PS slammed for partisan appointment
EDUCATION and Training Ministry Principal Secretary (PS), John Oliphant, stands accused of unprocedurally appointing an “unqualified” member of his Democratic Congress (DC) party to the post of acting procurement manager in the same ministry.
The ministry’s Senior Procurement Officer, Relebohile Nkalai, accuses Dr Oliphant of appointing Matanki Kopeli despite the objections of the Public Service Commission (PSC).
Mr Nkalai makes the claims in his High Court application filed last week to stop Dr Oliphant from suspending him for refusing to take orders from Ms Kopeli.
Justice ‘Maseforo Mahase has granted Mr Nkalai an interim interdict ordering Dr Oliphant not to proceed with the planned suspension until the finalisation of Mr Nkalai’s application for a final order against the suspension.

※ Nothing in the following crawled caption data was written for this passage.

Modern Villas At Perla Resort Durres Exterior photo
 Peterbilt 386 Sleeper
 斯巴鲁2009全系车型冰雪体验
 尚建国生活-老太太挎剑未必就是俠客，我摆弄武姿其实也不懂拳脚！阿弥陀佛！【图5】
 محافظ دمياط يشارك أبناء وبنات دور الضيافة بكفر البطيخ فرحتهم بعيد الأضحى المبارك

Justice Mahase also ordered Dr Oliphant to dispatch the record of proceedings which led to his decision to issue Mr Nkalai with a 20 August 2021 letter asking him to “show cause” why he should not be suspended. Dr Oliphant was further ordered to address Mr Nkalai’s grievances against Ms Kopeli.
Dr Oliphant, the Ministry of Education and Training, the Public Service Commission (PSC), Ms Kopeli and Attorney General Rapelang Motsieloa are the first to fifth respondents respectively in the lawsuit.
The matter was supposed to have been heard on Monday but it had to be postponed after the Law Office filed an intention to oppose Mr Nkalai’s application.
In his court papers, Mr Nkalai alleges that Ms Kopeli had been rejected by the PSC on the grounds that she was not qualified for the post. He argues that despite being rejected by the PSC, Dr Oliphant went ahead and appointed her. Therefore, her appointment is illegal and he cannot take orders from her, Mr Nkalai argues.
“I wish to take this court into my confidence and disclose that the position of the procurement manager is not vacant,” Mr Nkalai states in his court papers.
“The substantive holder of the position is Rorisang Malefane who has gone to the Ministry of Communications on secondment.
“After the Commission (PSC) declined the first respondent (Oliphant)’s proposal to appoint the fourth respondent (Kopeli) as the acting procurement manager, the first respondent proceeded and purportedly appointed the fourth respondent as the acting procurement manager and this made her my immediate supervisor.
“I must confess that the working relationship with the fourth respondent is not cordial as she is incompetent to be in the said position. At times, I would be directed by the fourth respondent to sign and implement certain decisions contrary to the Procurement Regulations.
“The Procurement Unit is a specialised unit that deals with the tendering processes in the ministry which involves millions of tax payers’ money and it is a criminal offence to execute unlawful instructions especially when I am aware that the fourth respondent has not been appointed in terms of the law by the third respondent (PSC). I had several meetings with the first respondent (Oliphant) and the fourth respondent (Kopeli) concerning her appointment and the instructions given to me by the fourth respondent.
“I requested the first respondent to furnish me with the fourth respondent’s appointment letter so that I could allay my fears as I cannot afford to be criminally charged for executing unlawful instructions. The first respondent told me in no uncertain terms that I will execute the fourth respondent’s instructions as he had appointed her as the acting procurement manager. He went further and indicated that the ministry belongs to their political party, the DC. Unfortunately, I do not know the full names of the DC party as I am not a politician,” Mr Nkalai adds.
The Democratic Congress is usually referred to by the DC acronym.
Mr Nkalai said he had written to Dr Oliphant requesting a copy of Ms Kopeli’s letter of appointment.
He said Dr Oliphant subsequently called him to a meeting on 19 August 2021 where the latter asked whether he did not want to take orders from Ms Kopeli. He said he replied that Ms Kopeli had been unprocedurally appointed and therefore her instructions were illegal.
The following day, Dr Oliphant slapped him with a letter asking him to “show cause” why he should not be suspended for refusing to take orders from Ms Kopeli.
Mr Nkalai then approached the High Court to stop his looming suspension.
He wants the court to order Dr Oliphant’s “show cause” letter to be “reviewed, corrected and set aside”.
He also wants Dr Oliphant’s decision to appoint Ms Kopeli as the acting procurement manager “to be declared as null and void”.